Calculate the ECS instance count
Use this formula:
Number of ECS instances = X / Y / (Z / 100)
|
Variable |
Description |
|
X |
Data to migrate (TB) |
|
Y |
Migration duration (days) |
|
Z |
Throughput per ECS instance (Mbit/s) |
Each instance migrates about Z/100 TB per day. At 200 Mbit/s, that is about 2 TB/day.
Example: 500 TB in 7 days at 200 Mbit/s per instance:
500 / 7 / (200 / 100) = 36 ECS instances
Data flow
Distributed mode transfers data in two stages:
-
ossimport pulls data from COS (Guangzhou) to ECS in China (Hangzhou) over the internet.
-
ossimport pushes data from ECS to OSS over the internal network (same region).
Fees
Migration costs include:
|
Fee type |
Description |
|
Source access fees |
Charged by the source provider |
|
Destination access fees |
OSS request and storage charges |
|
Outbound traffic fees |
Egress bandwidth charged by the source provider |
|
ECS instance fees |
Compute costs during migration |
|
Data storage fees |
Scales with migration duration for volumes over 1 TB |
More ECS instances shorten migration time and can reduce total outbound traffic and storage costs.
Procedure
Step 1: Migrate historical data
Migrate all data last modified before time T1.

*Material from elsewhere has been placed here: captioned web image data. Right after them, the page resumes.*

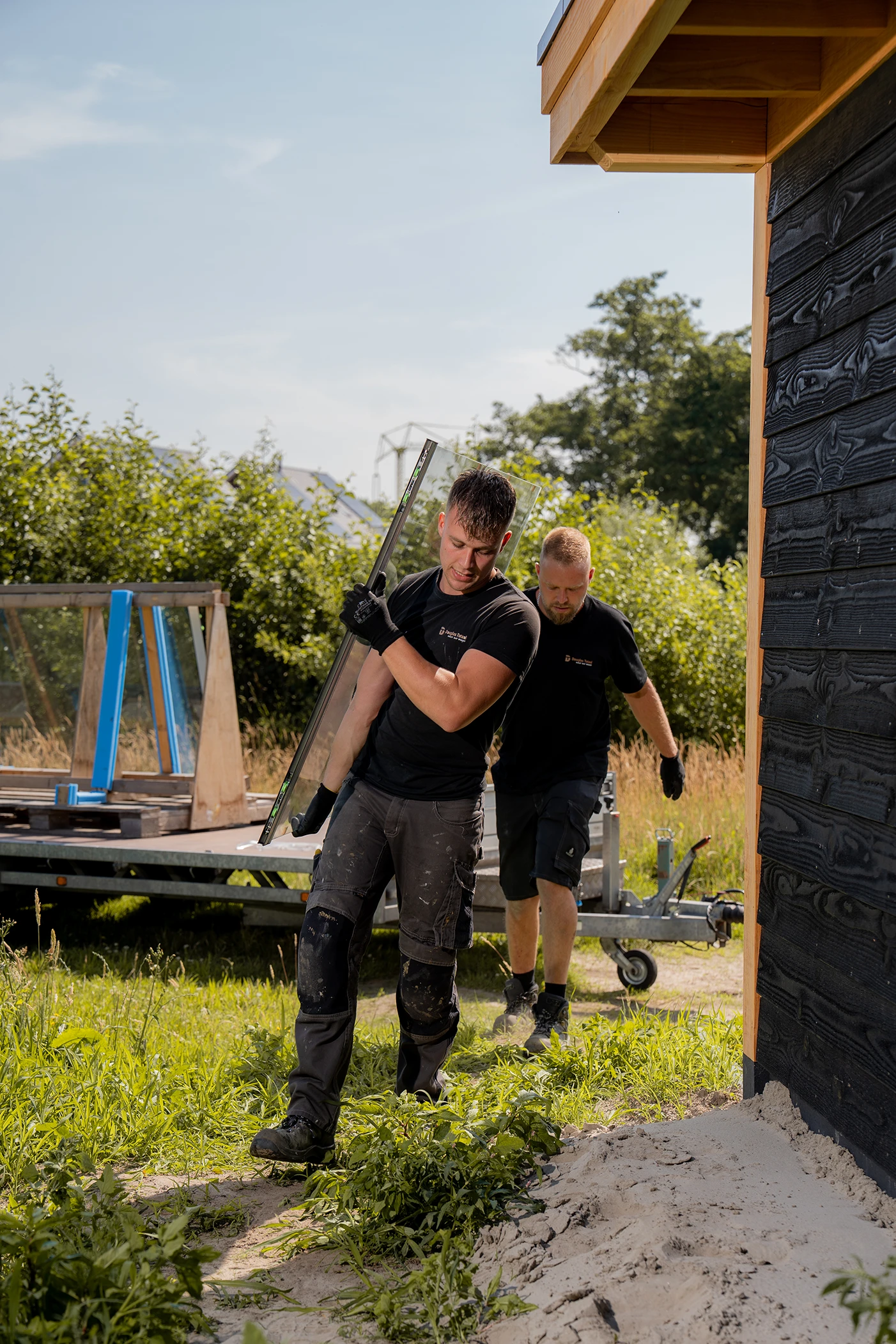 Jan Mark Kamphuis en Mitch Skipper aan het werk in een tuin met een douglas tuinkamer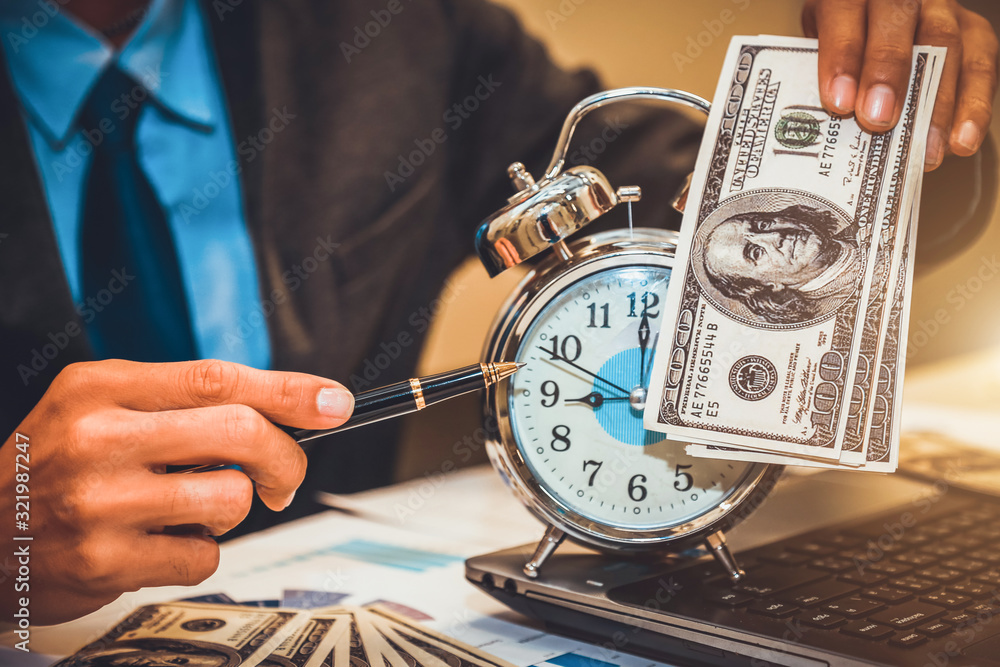Business holding money and clock. time is money concept.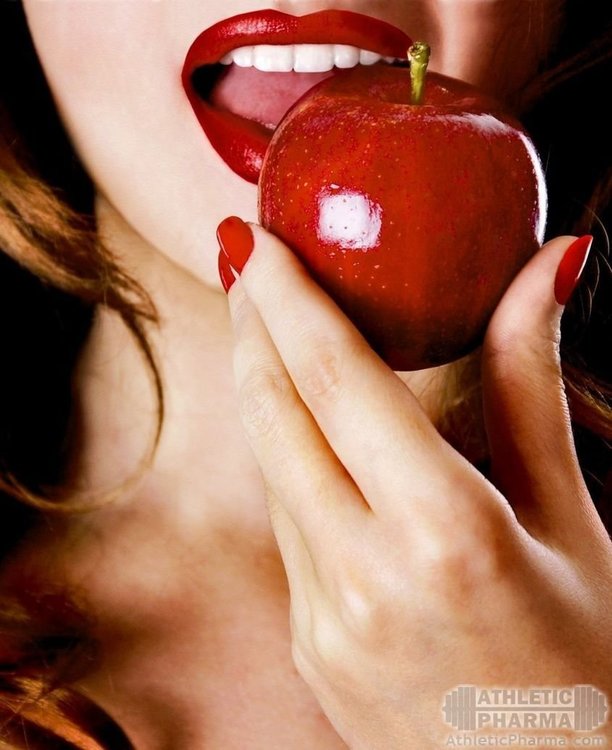 Девушка сексуально кусает яблоко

T1 is a UNIX timestamp (seconds since January 1, 1970, 00:00:00 UTC). Generate it with:
date +%s
Step 2: Configure mirroring-based back-to-origin rules
During migration, new data continues arriving at the source. Configure mirroring-based back-to-origin rules on the destination bucket to automatically fetch missing objects.
Step 3: Migrate incremental data
Set importSince to T1 in job.cfg and restart the task to migrate data created between T1 and T2.
Step 4: Switch your business system to OSS
Switch all read/write operations to OSS. Record this time as T2.
After the switchover:
-
All read/write operations use OSS.
-
Third-party storage data becomes a historical copy. Retain or delete it as needed.
-
ossimport migrates and verifies data but does not delete source data.